I see 3d printing much like the world of early open source coding. Sometimes you get a completed project that works out of the box. But often, you’ll have to tinker and adapt it to your exact hardware. Once a new 3d model is shown to be viable, it can be mixed and matched to make something new!

I have, along with some other ones I created from different fonts. See https://www.youtube.com/watch?v=1kXnsvYfaF4&t=2160s (it was an aside to a longer Selectric project I did; this typeball project came out around the same time so I decided to make a few of them).

Watching this back, it partially works but some of the letters clearly need their positions adjusted, and some of them seem to have trouble imprinting fully on the page. That's besides the fact that the proportional fonts look pretty weird when printed monospaced.

I didn't really go further with this because the resin printed balls didn't hold up very well. A slot near the hole would always break open, and then the ball would spin freely instead of being indexed like it was supposed to. These days I've pretty much abandoned home resin printing entirely since it is extremely messy, and I've never been able to make parts with it that weren't ridiculously brittle, even with the supposedly "strong" or "tough" resins.

I've used commercial resin prints that Shapeways/Xometry/PCBWAY have and they are a lot tougher, so maybe they would work well.

Yeah, feels a bit like "I'm sharing this code I've written here. I haven't tried to compile it yet, but it should work."

Looks like the same person made a typeball for Cherokee, and that comes with a picture of the printed output:

https://www.printables.com/model/441262-cherokee-typeball-fo...

So maybe Comic Sans (and Wingdings) will work as well.

They also link a version that works they say. https://selectricrescue.org/

Also includes Papyrus!

It’s not far fetched though. With careful design, prints often do work on the first try.

Works for shipping commercial software!

(Slightly /s)

One of the Teletypes I used to work on had an eccentric-driven Wiffletree to position the typebox. This was necessary because of it's high speed[0] to decode the ASCII character set (it wasn't a Baudot machine). The selector cam at the end of the machine would do the serial-to-parallel conversion, then clutches would rotate the eccentrics powering the wiffletree to select the character.

If you look at the ASCII chart [1] you can select a character via binary tree - the Wiffletree being a mechanical equivalent.

[0] For a Teletype

[1] https://en.wikipedia.org/wiki/ASCII#/media/File:USASCII_code...

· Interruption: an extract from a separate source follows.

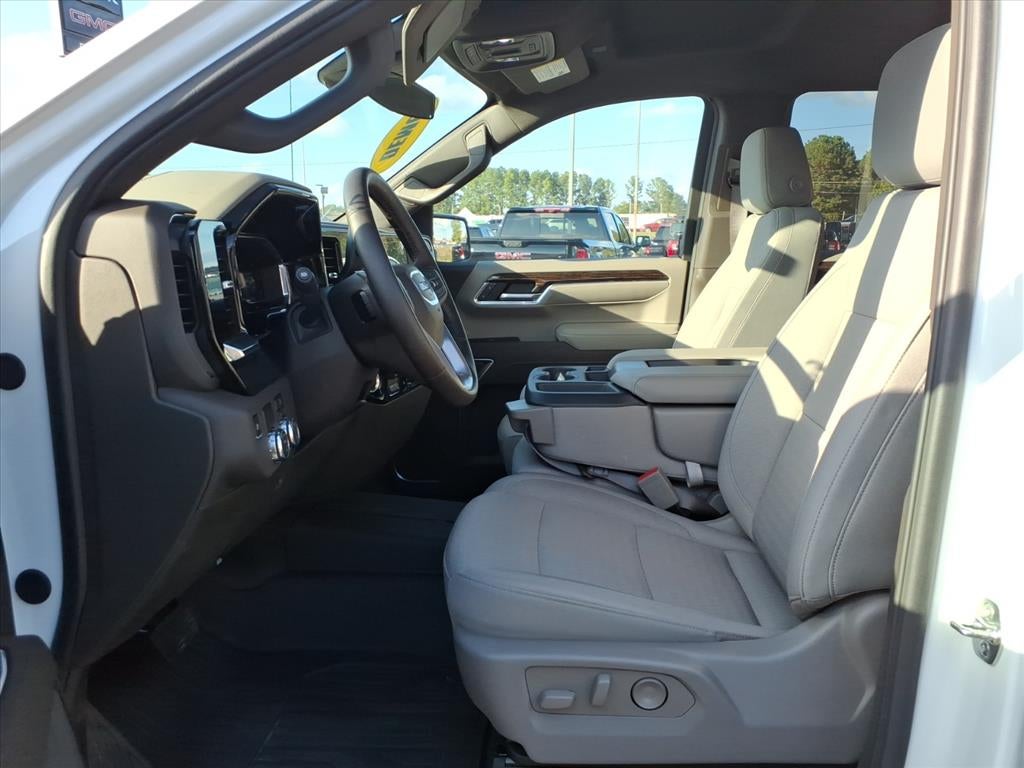 2025 GMC Sierra 1500 SLE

> without being injection-molded with an extremely durable plastic, it will not make good strike.

I wonder how true that actually is. A properly 3d printed ABS part isn't really much if any less durable than an injection molded part. It's mostly just worse with respect to feature resolution.

It’s even the first link on this page. In addition to Comic Sans, he’s also made a font ball for Papyrus!

I can’t imagine using any of these (even when typewriters were king), but I love that they exist.

It's vintage now and gives me warm feelings.